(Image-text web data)
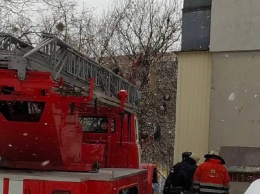 В Харькове спасатели ликвидируют пожар в многоэтажке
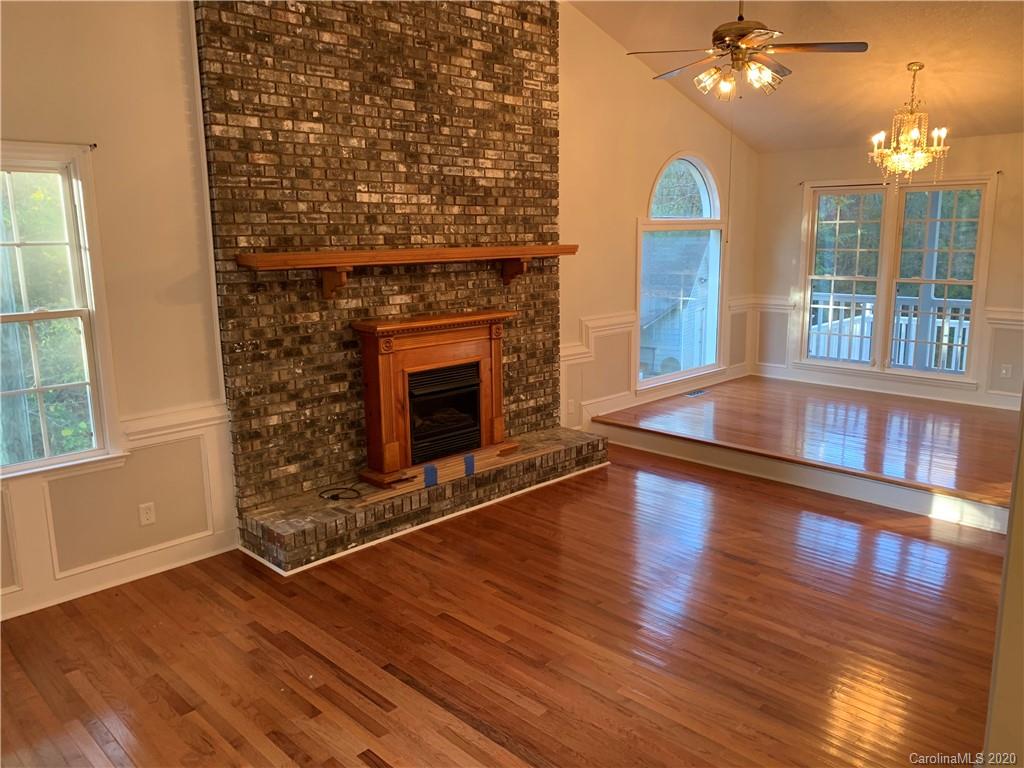 1710 State Rd S-13-35 Pageland, SC 29728 - Photo 3 of 14 Gallery Image 3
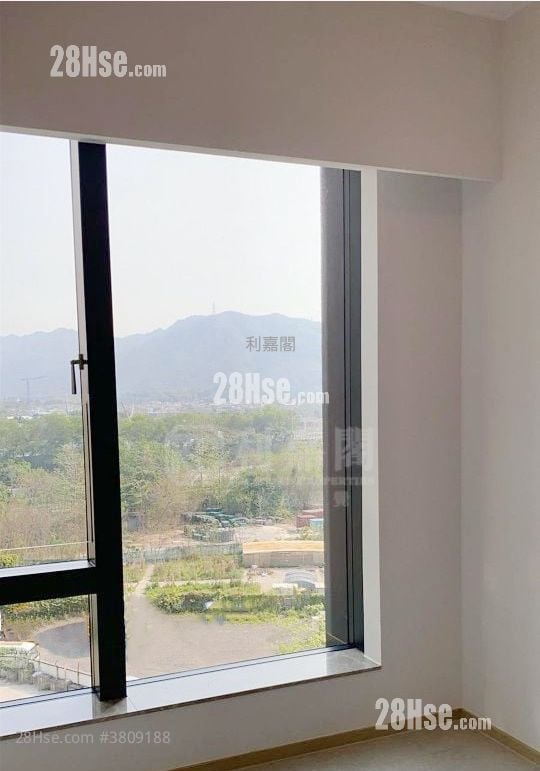 Atrium House Sell 1 Bedroom , 1 Bathroom 308 ft²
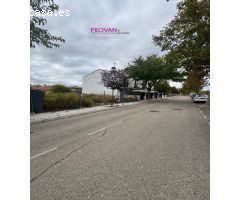 ¡¡¡ CHALET  EN PARACUELLOS DEL JARAMA. 4 DORMITORIOS Y 3 BAÑOS. TERRAZA Y PORCHE!!!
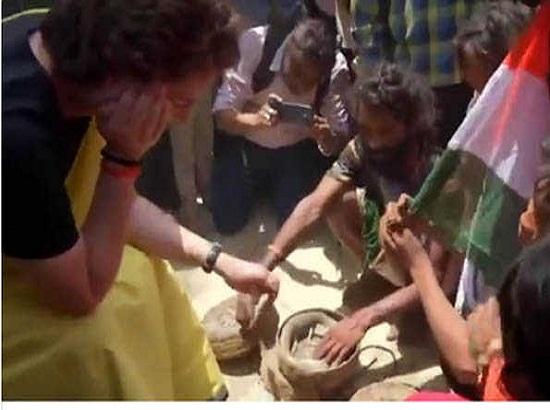 Priyanka Gandhi plays with poisonous snakes in Rae Bareli during campaigning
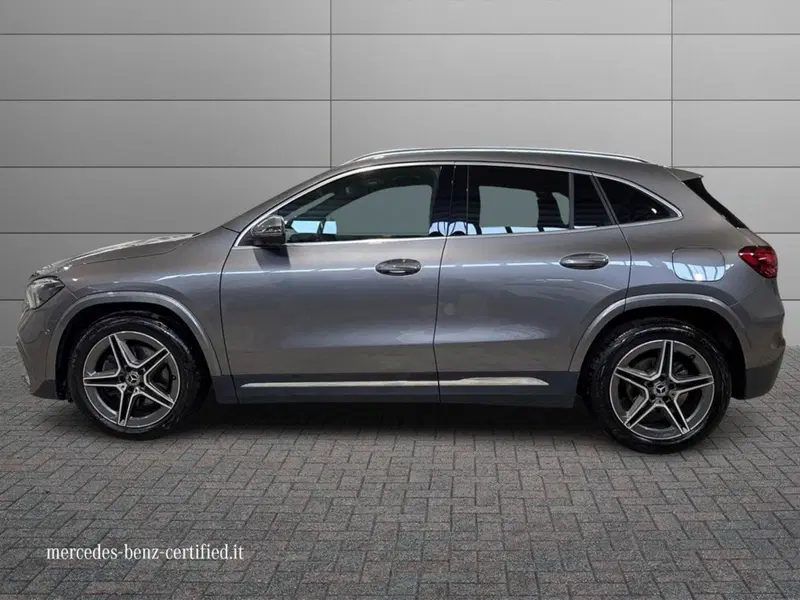 Mercedes-Benz GLA SUV usata a Foggia (6)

**Activity**
Pictures are not part of the copy. Output only the lines from the one with "TERRAZA Y PORCHE!!!" through the final line of the records, exactly as given.

**Response to the task**
 ¡¡¡ CHALET  EN PARACUELLOS DEL JARAMA. 4 DORMITORIOS Y 3 BAÑOS. TERRAZA Y PORCHE!!!
 Priyanka Gandhi plays with poisonous snakes in Rae Bareli during campaigning
 Mercedes-Benz GLA SUV usata a Foggia (6)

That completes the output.